▸ **Dataset section**:

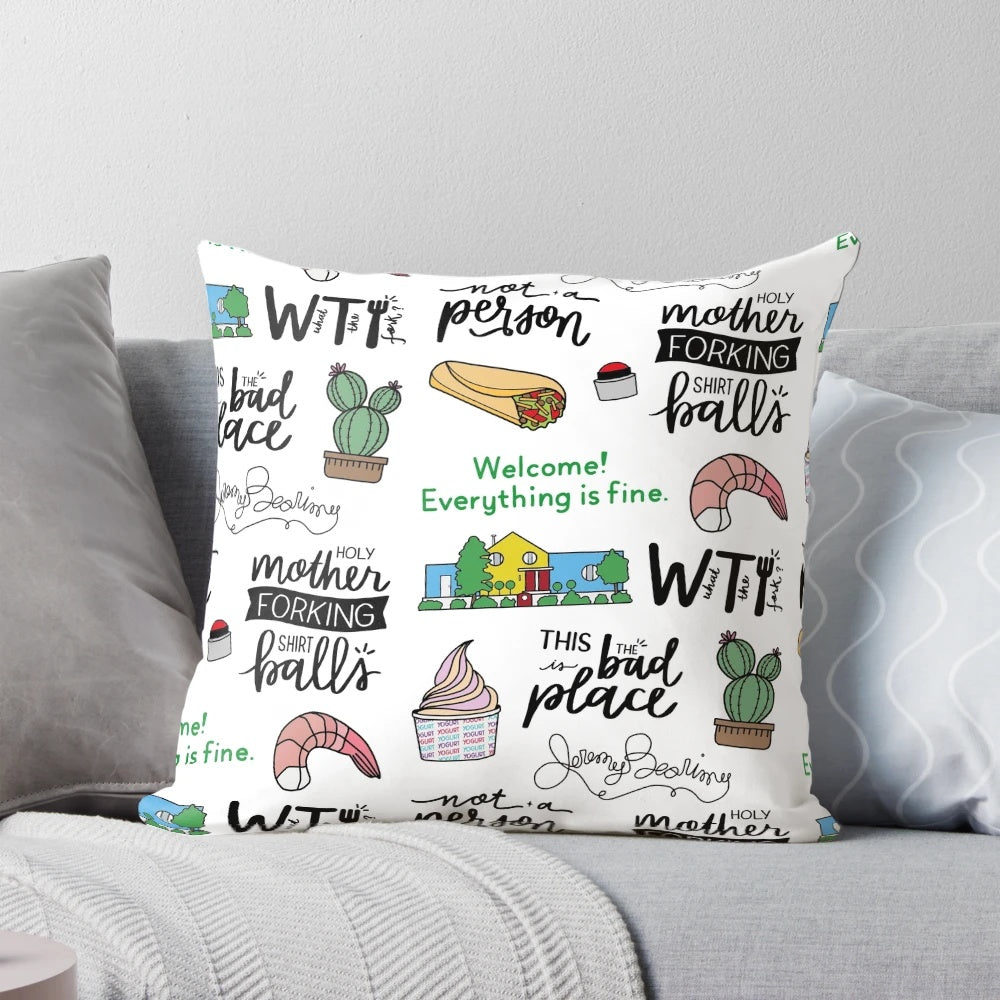 Decorative pillow featuring fan art inspired by the TV show "The Good Place"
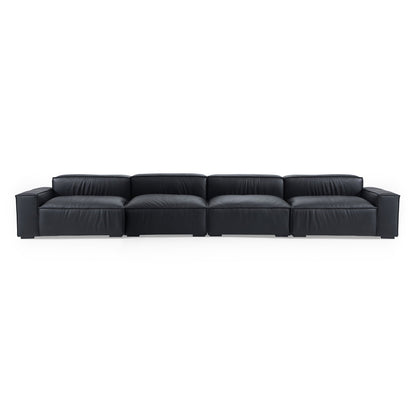 Low back black genuine leather extra large designer sofa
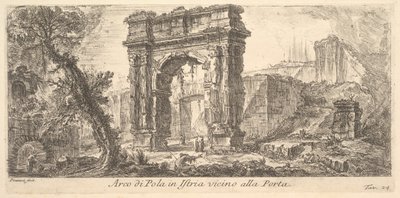 Tafel 24: Bogen von Pola in Istrien nahe dem Tor Arco di Pola in Istrien vicino alla Por..., ca. 1750 von Giovanni Battista Piranesi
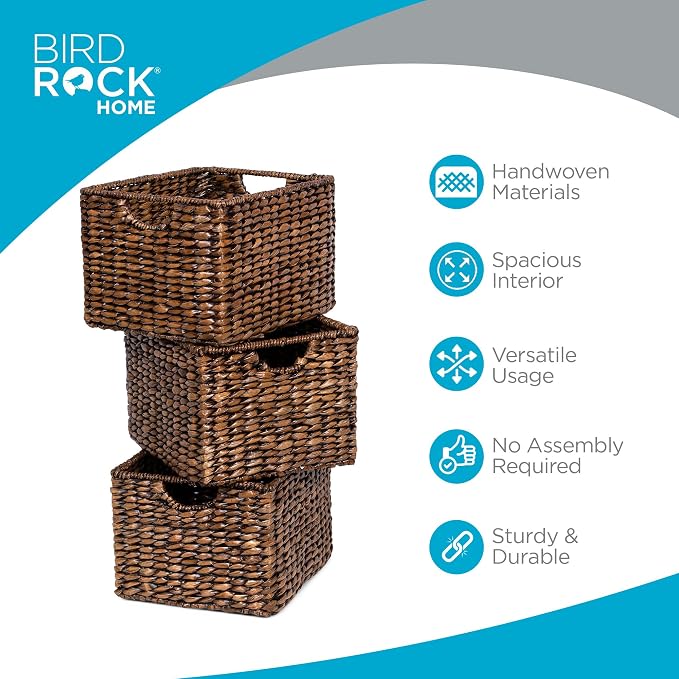 BIRDROCK HOME Storage Shelf Organizer Baskets with Handles - Handwoven Abaca Seagrass Wicker Basket for Pantry, Living Room, Office & Bathroom, Versatile Under Shelf Storage - Set of 3, Brown Wash | Woven Storage Baskets for Shelves with Handles, Cube ... - Image 5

▸ **Activity**:
You are asked to reproduce each line above exactly, but to exclude the pictures.

▸ **Finished exercise**:
 Decorative pillow featuring fan art inspired by the TV show "The Good Place"
 Low back black genuine leather extra large designer sofa
 Tafel 24: Bogen von Pola in Istrien nahe dem Tor Arco di Pola in Istrien vicino alla Por..., ca. 1750 von Giovanni Battista Piranesi
 BIRDROCK HOME Storage Shelf Organizer Baskets with Handles - Handwoven Abaca Seagrass Wicker Basket for Pantry, Living Room, Office & Bathroom, Versatile Under Shelf Storage - Set of 3, Brown Wash | Woven Storage Baskets for Shelves with Handles, Cube ... - Image 5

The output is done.